▶ **TASK TO COMPLETE**
Give back all of the data verbatim.

▶ **DATA EXTRACT**
════
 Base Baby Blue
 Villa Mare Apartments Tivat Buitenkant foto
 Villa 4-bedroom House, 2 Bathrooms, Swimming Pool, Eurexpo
════
▶ **RESULT**
 Base Baby Blue
 Villa Mare Apartments Tivat Buitenkant foto
 Villa 4-bedroom House, 2 Bathrooms, Swimming Pool, Eurexpo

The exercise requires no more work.